### Your objective
Determine how many lines in the entries below contain "Long", and output that number alone.

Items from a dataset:
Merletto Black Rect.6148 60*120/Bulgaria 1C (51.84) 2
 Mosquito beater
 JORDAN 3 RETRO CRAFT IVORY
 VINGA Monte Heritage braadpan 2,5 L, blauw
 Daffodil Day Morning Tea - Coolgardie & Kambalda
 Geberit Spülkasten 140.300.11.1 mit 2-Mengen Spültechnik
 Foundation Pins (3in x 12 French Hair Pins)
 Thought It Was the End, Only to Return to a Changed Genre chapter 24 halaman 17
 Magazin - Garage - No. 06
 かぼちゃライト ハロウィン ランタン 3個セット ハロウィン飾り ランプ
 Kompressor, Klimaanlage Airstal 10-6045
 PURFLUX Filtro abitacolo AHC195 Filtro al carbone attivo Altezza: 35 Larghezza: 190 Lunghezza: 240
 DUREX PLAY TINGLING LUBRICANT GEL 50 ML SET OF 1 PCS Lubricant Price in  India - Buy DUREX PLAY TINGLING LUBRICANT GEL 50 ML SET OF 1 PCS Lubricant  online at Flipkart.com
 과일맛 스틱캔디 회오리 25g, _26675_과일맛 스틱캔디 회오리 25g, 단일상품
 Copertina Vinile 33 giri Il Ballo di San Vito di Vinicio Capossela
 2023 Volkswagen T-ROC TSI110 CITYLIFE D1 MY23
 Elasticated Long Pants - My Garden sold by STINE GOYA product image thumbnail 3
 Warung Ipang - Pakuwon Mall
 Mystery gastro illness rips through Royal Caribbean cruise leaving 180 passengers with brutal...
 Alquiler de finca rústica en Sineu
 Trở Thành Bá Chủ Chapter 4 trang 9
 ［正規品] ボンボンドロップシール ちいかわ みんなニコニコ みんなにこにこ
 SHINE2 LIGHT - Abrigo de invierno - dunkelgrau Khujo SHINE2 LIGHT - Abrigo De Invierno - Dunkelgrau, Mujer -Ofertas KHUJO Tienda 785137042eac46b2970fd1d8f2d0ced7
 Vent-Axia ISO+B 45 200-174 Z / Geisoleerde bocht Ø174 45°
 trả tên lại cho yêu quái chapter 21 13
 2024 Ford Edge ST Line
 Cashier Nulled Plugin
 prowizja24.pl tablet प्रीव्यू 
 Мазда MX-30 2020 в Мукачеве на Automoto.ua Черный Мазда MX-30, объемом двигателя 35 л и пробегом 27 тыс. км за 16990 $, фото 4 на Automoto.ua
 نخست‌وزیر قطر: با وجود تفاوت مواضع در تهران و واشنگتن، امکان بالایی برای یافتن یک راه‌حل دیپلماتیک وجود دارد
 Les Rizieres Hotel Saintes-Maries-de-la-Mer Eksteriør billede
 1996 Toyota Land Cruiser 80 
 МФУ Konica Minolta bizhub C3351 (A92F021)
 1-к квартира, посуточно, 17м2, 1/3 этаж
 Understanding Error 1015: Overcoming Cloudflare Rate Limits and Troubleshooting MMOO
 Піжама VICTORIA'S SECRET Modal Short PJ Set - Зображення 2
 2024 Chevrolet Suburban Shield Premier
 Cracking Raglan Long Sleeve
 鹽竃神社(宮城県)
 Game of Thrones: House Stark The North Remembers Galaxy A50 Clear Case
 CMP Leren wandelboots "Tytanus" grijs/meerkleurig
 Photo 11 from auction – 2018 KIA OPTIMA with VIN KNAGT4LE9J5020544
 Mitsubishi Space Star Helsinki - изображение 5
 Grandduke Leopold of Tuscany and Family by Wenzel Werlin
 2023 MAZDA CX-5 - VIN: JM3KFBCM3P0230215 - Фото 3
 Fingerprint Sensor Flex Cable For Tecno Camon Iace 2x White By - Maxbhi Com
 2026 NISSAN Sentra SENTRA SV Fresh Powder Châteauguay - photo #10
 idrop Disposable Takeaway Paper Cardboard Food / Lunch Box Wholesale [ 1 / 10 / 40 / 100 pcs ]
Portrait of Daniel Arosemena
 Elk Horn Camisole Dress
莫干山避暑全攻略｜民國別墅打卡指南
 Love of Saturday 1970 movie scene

### Task result
2